Friday, February 27, 2009

Wes Hempel


In the Leslie-Lohman Gay Art Foundation blurb about his work Wes Hempel says, "It's so pervasive a heterosexual story that you get in Art history...I'm trying to imagine what a gay art historical past would look like." * I was intrigued by both the work, and the statement, so I looked Hempel up on line and found his artist’s Website. There I discovered not only the larger oil paintings of young men in various antique and bucolic settings, but a series of smaller paintings in oil and graphite on book pages titled the Van Dyck Series. One, "page 29" shows a handsome and muscular barely (pun intended) twenty something man, torso exposed to the waste, seated cross-legged reading a booklet. The top of his head is wrapped in a white strip as though bandaged, and his incomplete foot is sketched in pencil over the gesso as though the artist had not finished the work. The figure is beautifully and subtly, I might say “lovingly” modeled in order to pick out the contours of beefy young well-muscled form. A white halo of gesso surrounds the model, thus preventing the oil paint from damaging the paper beneath it, but also separating the figure from the page, almost as though he / it is suspended above the printed paper of the book. Page 29 itself shows two drawings / prints by Sir Anthony Van Dyck, and of course the text about Van Dyck, most of which is obscured by the painted figure. Thus, a revisionist gay Art history is begun.
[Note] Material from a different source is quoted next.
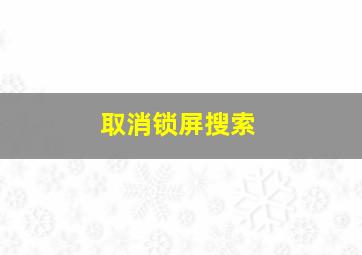 取消锁屏搜索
Look for a future entry about Wes’ collaboration with partner Jack Balas.

• Hempel, Wes, in the Leslie-Lohman Gay Art Foundation Website, http://www.leslielohman.org/ArtistsPages/hempel.html, Viewed 11:56 PM., February 15, 2009.

2 comments:

Will said...

I discovered Wes Hempel via his painting Fatherhood just this last week at the Denver Art Museum. As a gay man who raised two adopted Korean orphan girls to magnificent womanhood, I was immediately taken by Wes's work. I found your blog because of your reference to him, and will be exploring it in future visits.

Kittredge Cherry said...

Thanks! As often happens, you and I are thinking along the same lines. I also admire Wes Hempel’s art. I just wrote about its gay spiritual themes at the Jesus in Love Blog: Artist Wes Hempel paints gay spiritual struggles.